6 HPV Integration in Relation to Viral Load, Methylated Genes and Outcome
A number of studies have examined other parameters in relation to HPV integration, although different methods have been used to determine the viral physical status. Olthof et al. (2014) examined whether tumors with episomal virus have a higher viral load than those with integration as determined by APOT and/or DIPS-PCR. For this purpose qPCR was performed on 73 OPSCC samples. Viral load ranged from 3.4 × 10−6 up to 97 HPV DNA copies per cell. When comparing the average viral load in cases with or without integration, no significant differences were seen (7 vs. 8.5 HPV DNA copies/cell). Furthermore, no correlation was found between the mean log2 expression levels of the viral genes E2, E6 or E7 and the viral load. This was also the case in 7 HPV16-positive HNSCC cell lines containing 2–7 integration sites, in which the viral load ranged from 1-739 HPV DNA copies/referencee gene (Beta-globin) copy (Olthof et al. 2015).

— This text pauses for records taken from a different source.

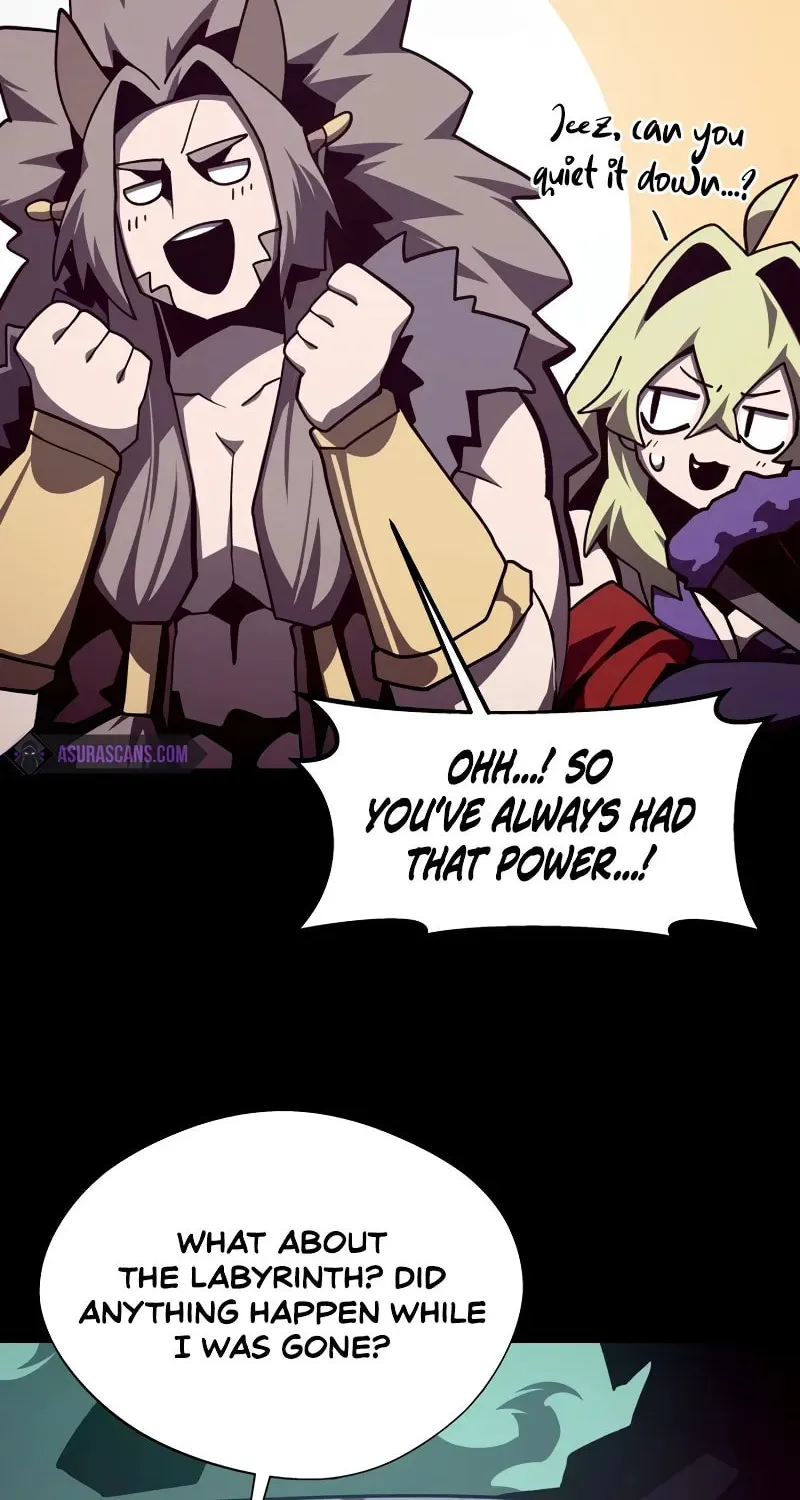 Read Dungeon Odyssey chapter 111 image 44 on Lezhin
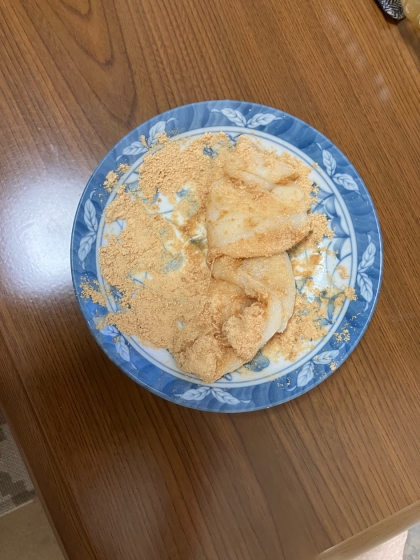 きなこ餅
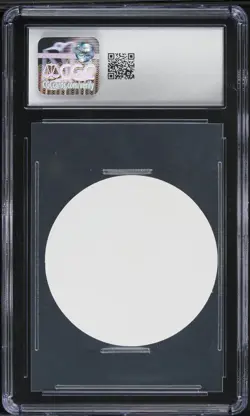 CGC 9 CHARMANDER POKELIDS TOKYO CAMPAIGN JAPANESE POKEMON STICKER CARD - POP 1 - Image 2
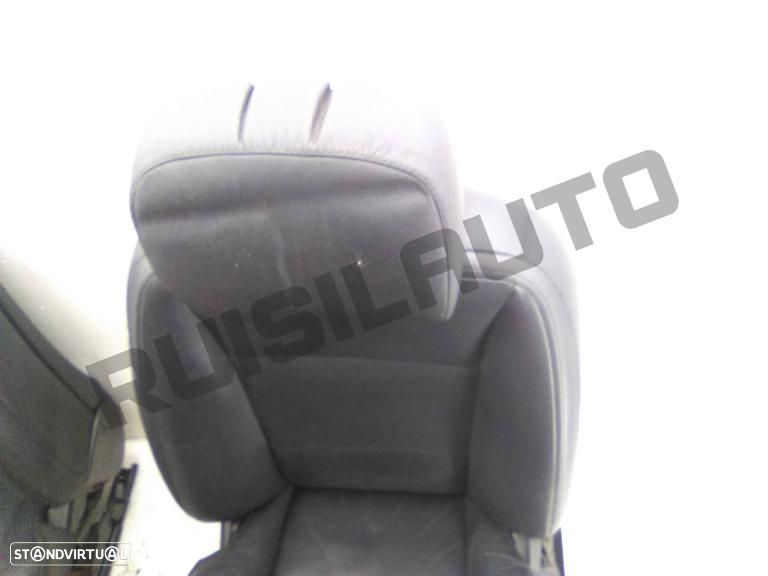 Conjunto Bancos  Mercedes S W221 Sedan [2005_2013] S 350 Cdi - 10
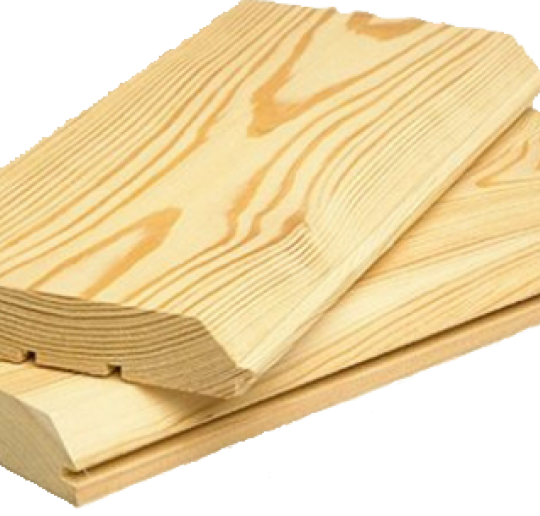 Палубная доска из лиственницы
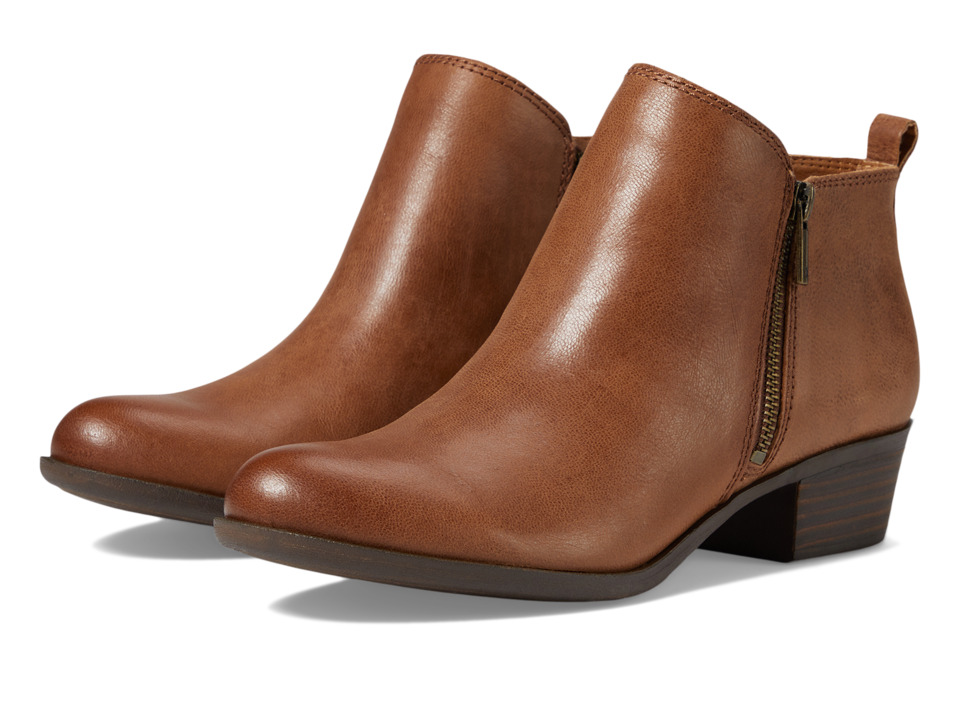 Lucky Brand Basel (Toffee)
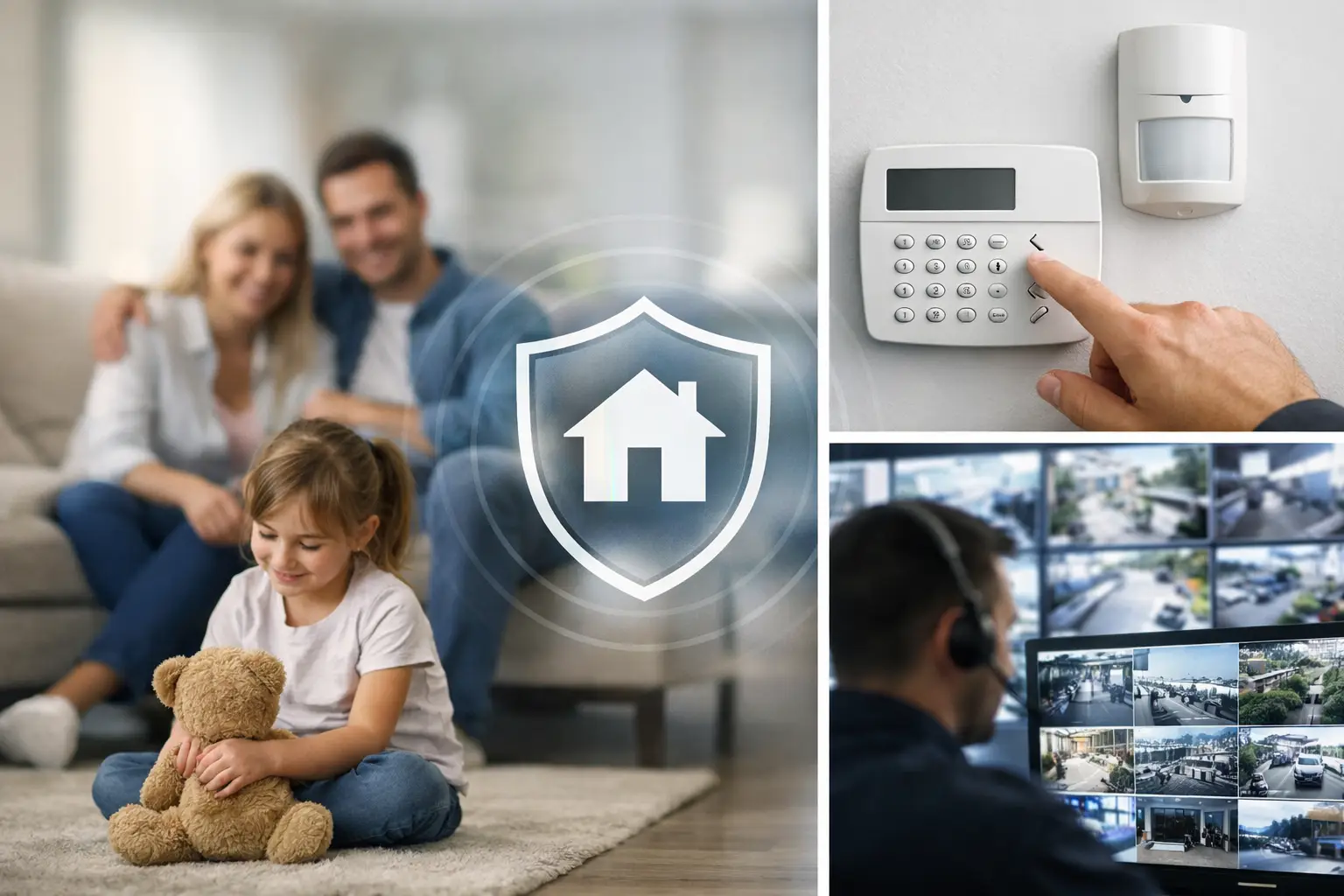 How Alarm Monitoring Protects What Matters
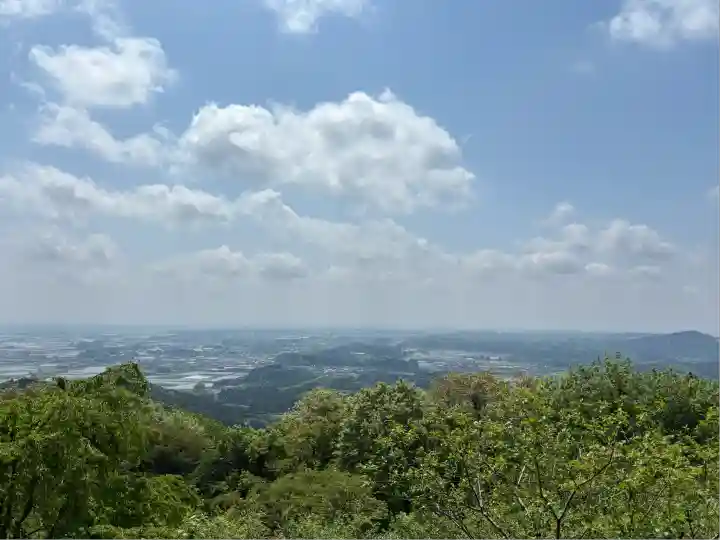 羽黒山神社(栃木県)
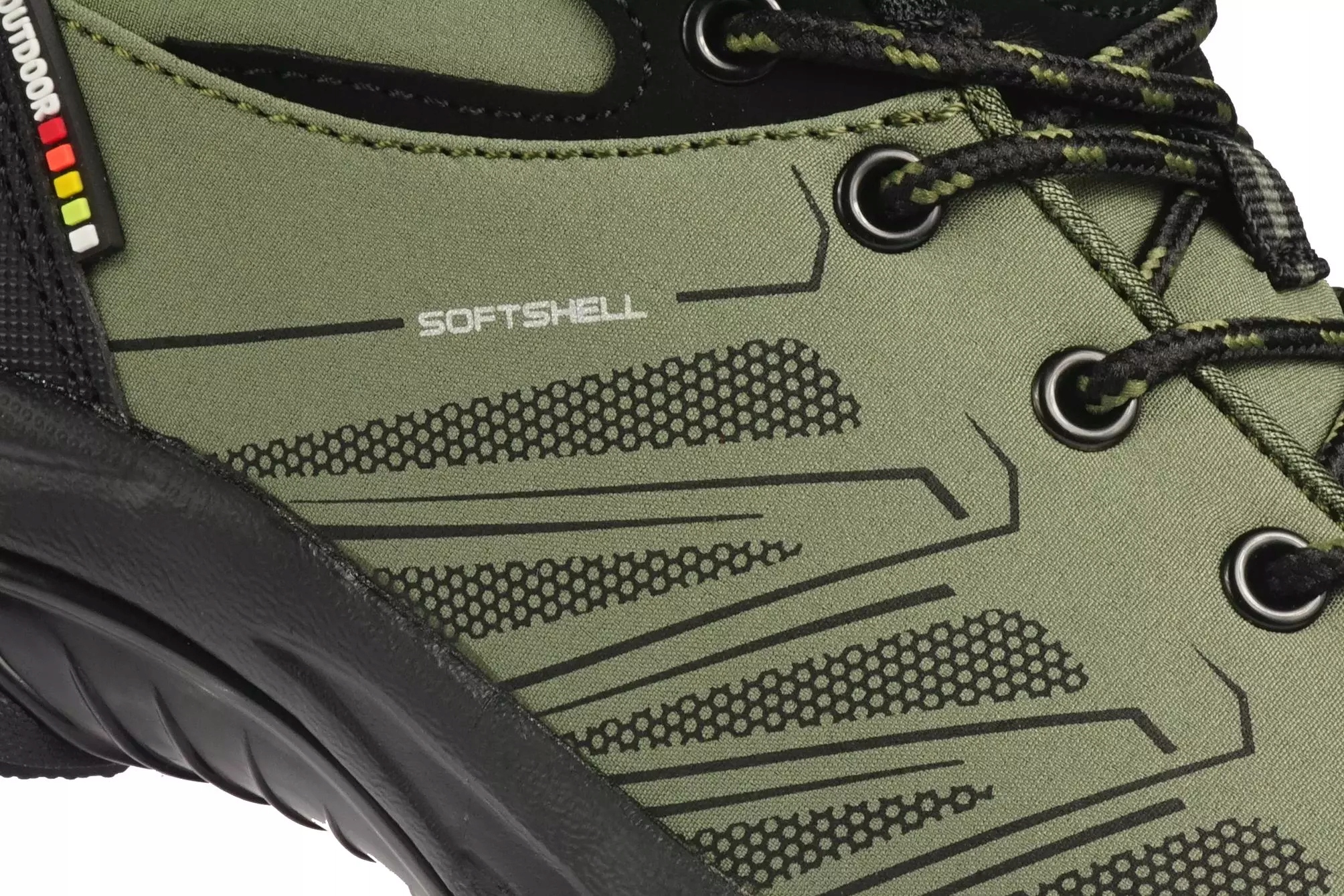 Męskie buty trekkingowe American Club MWT-176KH Rozmiar 46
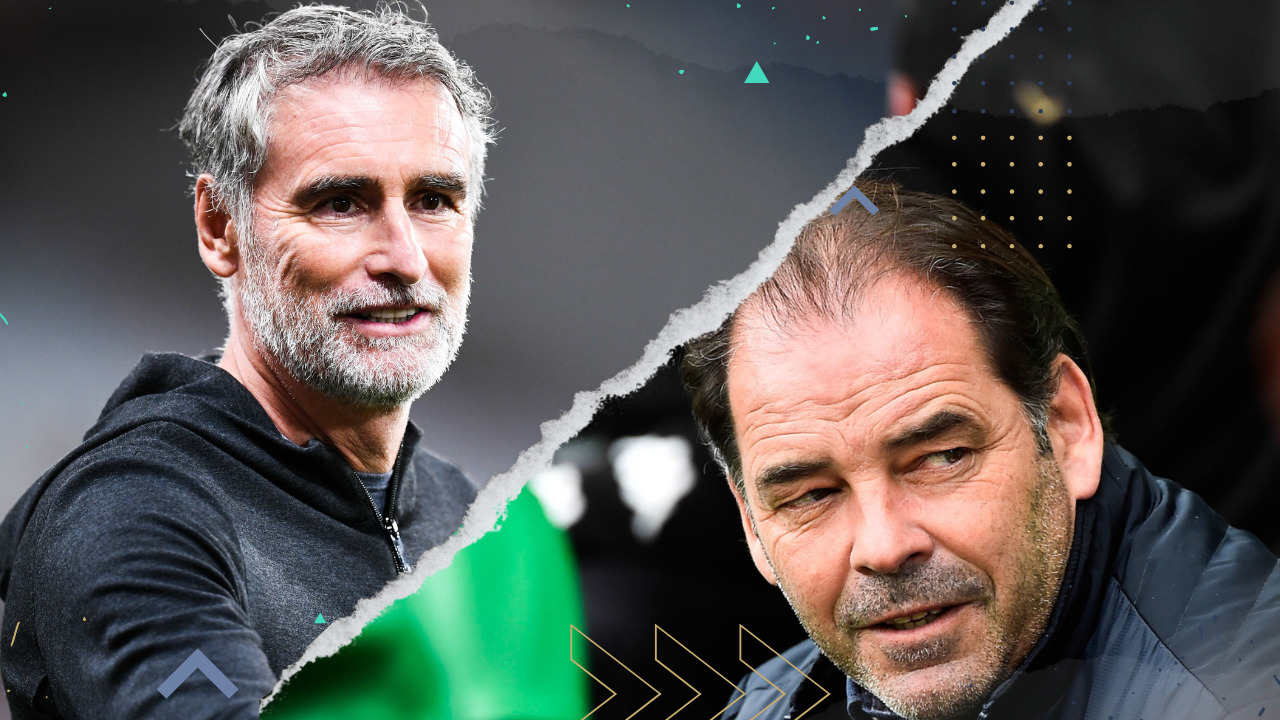 💥 Coach ASSE : Les 2 finalistes sont connus !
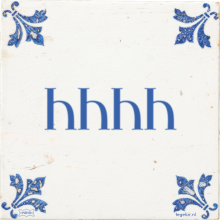 hhhh - 17 keer bekeken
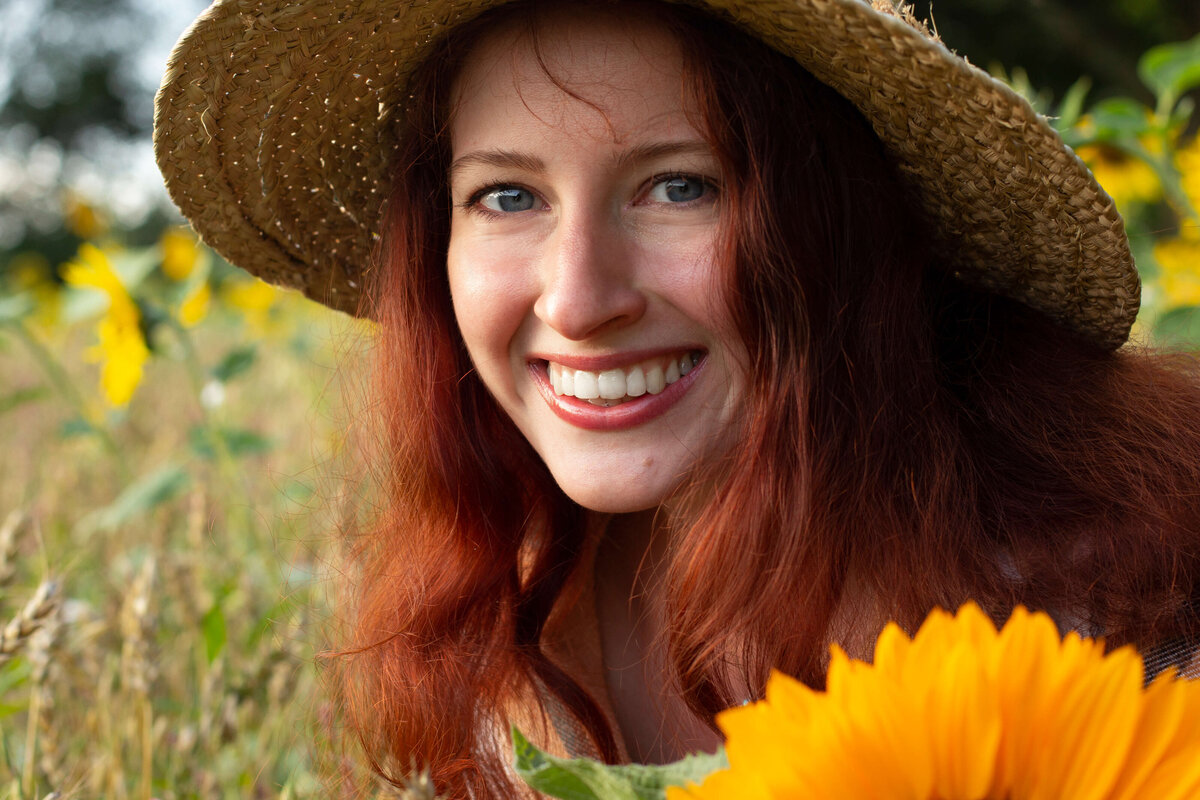 sunflower-photoshoot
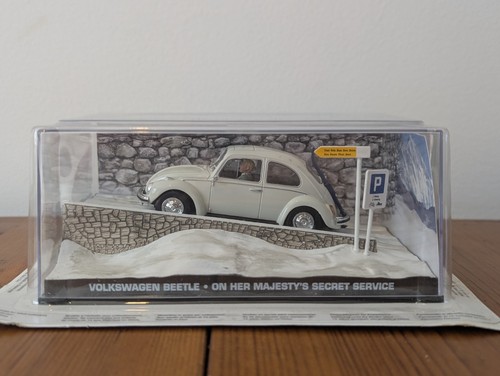 Issue james bond - james, car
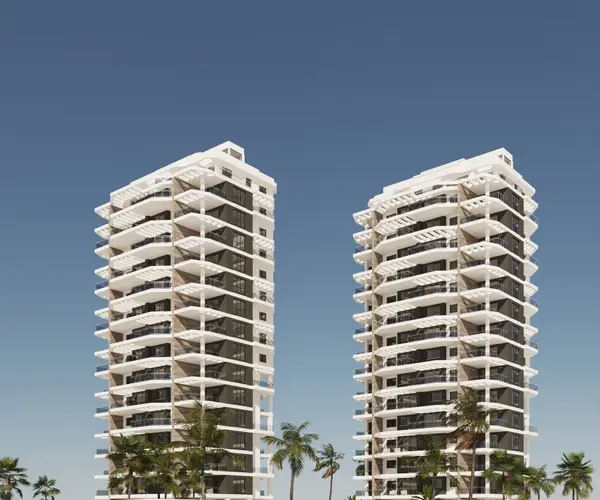 Apartment with 2 bedrooms in Calpe, Alicante, €430,000 — photo 4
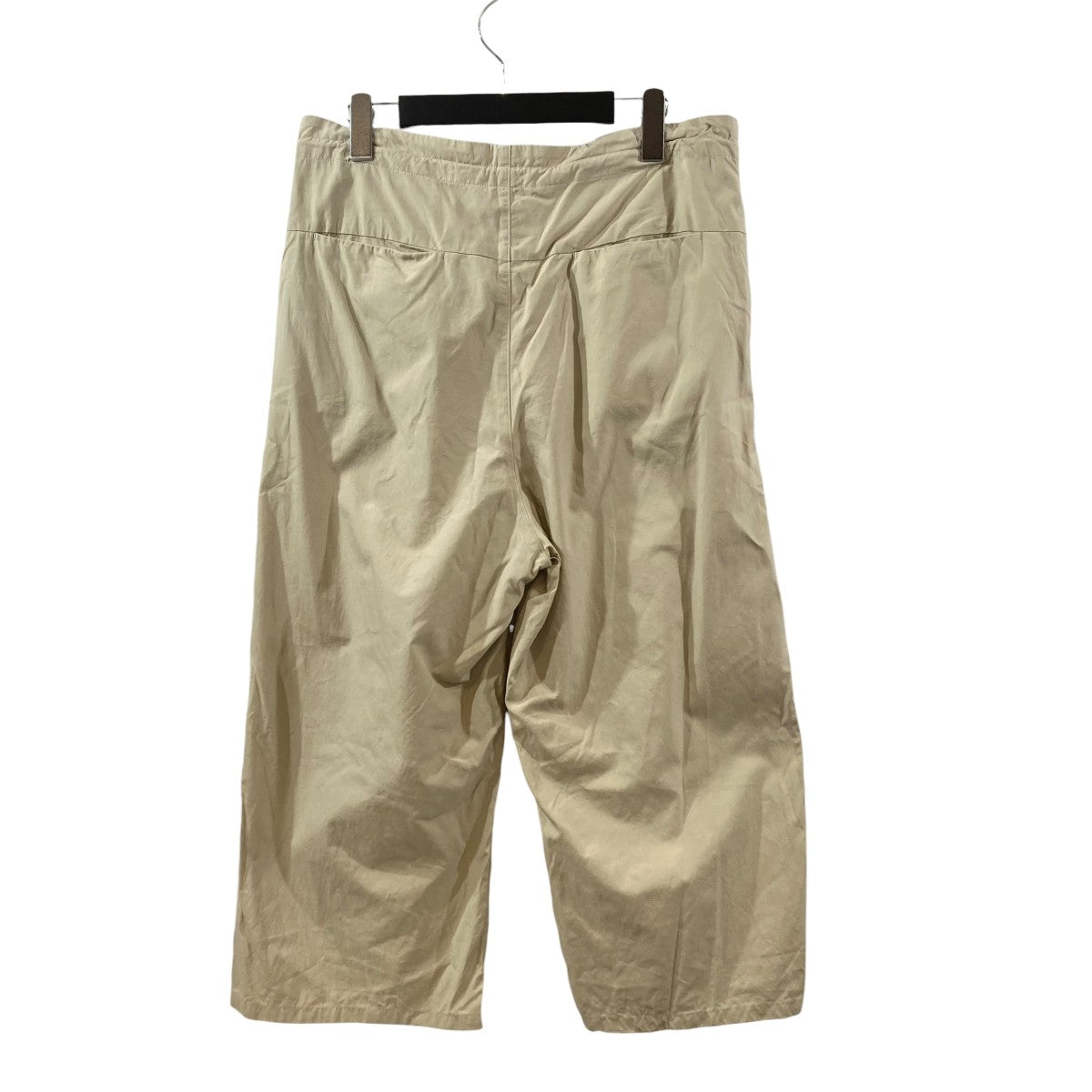 AURALEE Washed Finx Twill Easy Wide PantsイージーパンツA9SP05TN 古着・中古-2枚目のアイテム画像
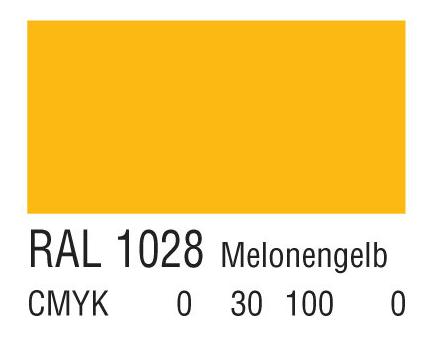 RAL 1028�\���S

In two studies, methylation of human genes as well as E2-binding sites in the HPV LCR DNA, respectively, were examined and compared with the HPV integration status of head and neck cancers. In the first study, Parfenov et al. (2014) showed that DNA methylation profiles are distinct for HPV-positive tumors with integration than for those without integration. Differentially methylated genes included the tumor suppressors BARX2 and IRX4, and the oncogenes SIM2 and CTSE. The mechanism by which integration alters the methylation profile, however, remains to be elucidated (Rusan et al. 2015). In the second study, Reuschenbach et al. (2015) detected differential methylation levels in the HPV16 (LCR) E2-binding sites E2BS3 and E2BS4 depending on the viral DNA physical status, i.e., (1) complete methylation (>80 %) associated with the presence of integrated HPV genomes with an intact E2 gene; (2) intermediate methylation levels (20–80 %) with predominantly episomal HPV genomes with intact E2; and (3) no methylation (<20 %) with a disrupted E2 gene. Patients with high methylation levels tended to have a worse 5-year overall survival compared with patients with intermediate methylation (hazard ratio: 3.23). The authors therefore concluded that further studies are warranted to determine whether the E2BS methylation status may represent a prognostic marker.